Activity:
The records below must be transcribed exactly, with each picture left out.

Supplied information:
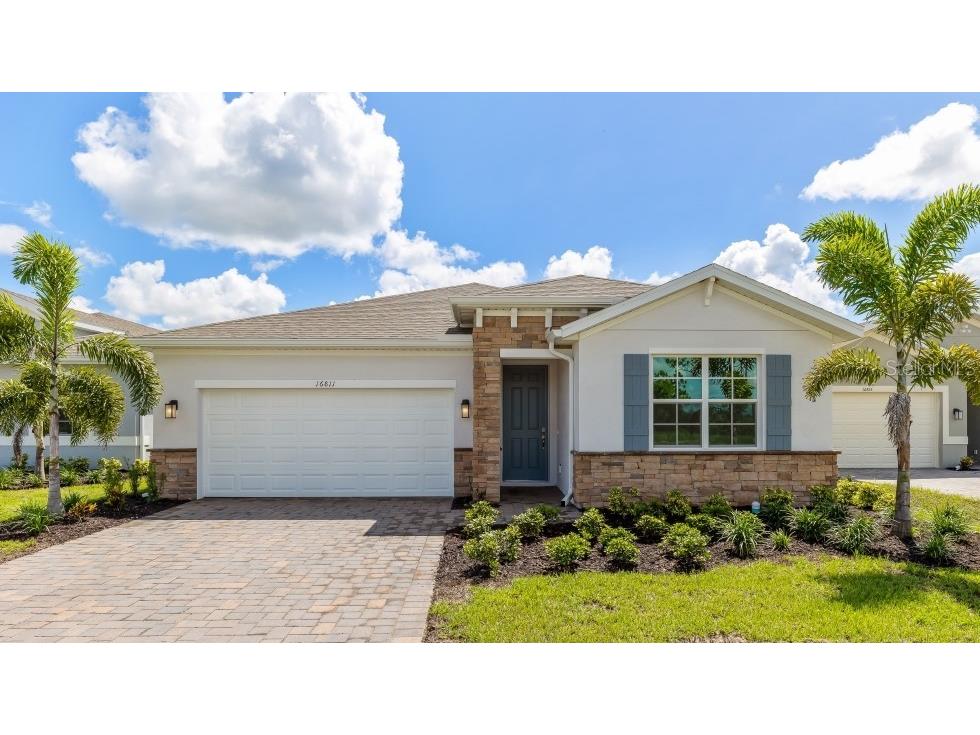 12748 Seagrass Drive Punta Gorda FL 33955 C7525534 image1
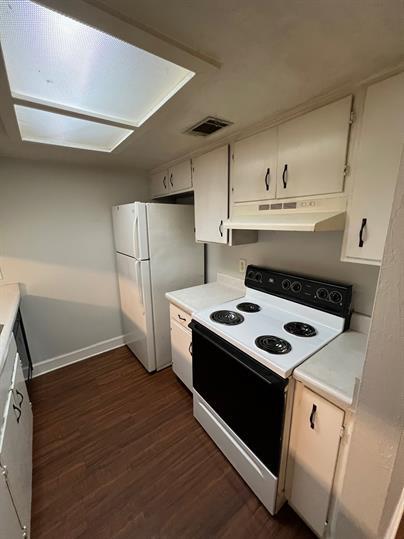 Building Photo - 1214 Stone Green Ct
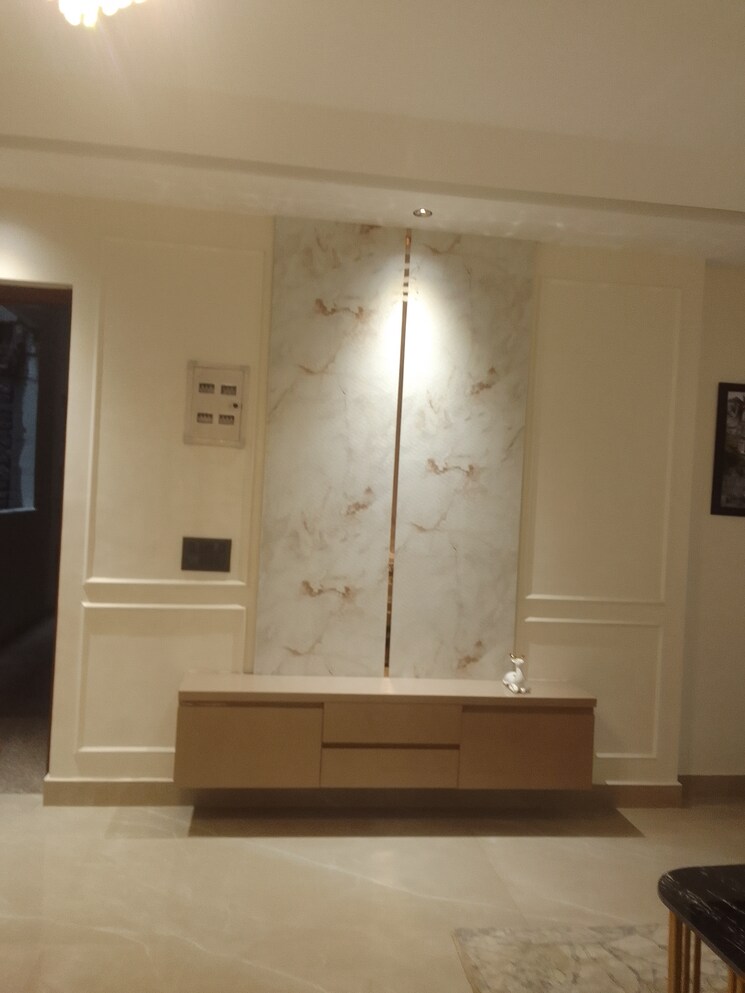 undefined, amolik-aster-woods 3 Bedroom 180 Sq.Ft. Builder Floor In Sector 98 Faridabad 7970046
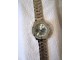 Novi zenski rucni sat poznate marke Michael Kors Novo slika 1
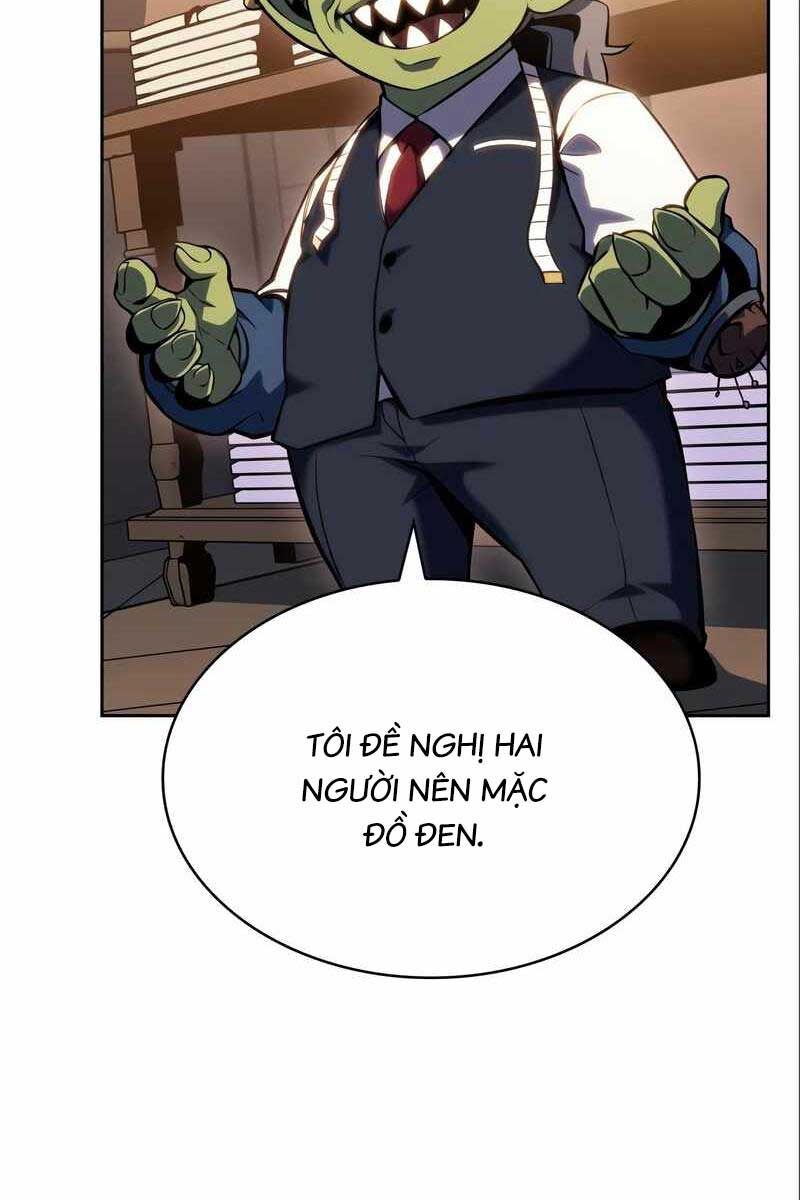 đọc truyện Tôi Là Tân Thủ Có Cấp Cao Nhất Chương 97 ảnh 54 tại Thiên Thai Truyện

Completed exercise:
 12748 Seagrass Drive Punta Gorda FL 33955 C7525534 image1
 Building Photo - 1214 Stone Green Ct
 undefined, amolik-aster-woods 3 Bedroom 180 Sq.Ft. Builder Floor In Sector 98 Faridabad 7970046
 Novi zenski rucni sat poznate marke Michael Kors Novo slika 1
 đọc truyện Tôi Là Tân Thủ Có Cấp Cao Nhất Chương 97 ảnh 54 tại Thiên Thai Truyện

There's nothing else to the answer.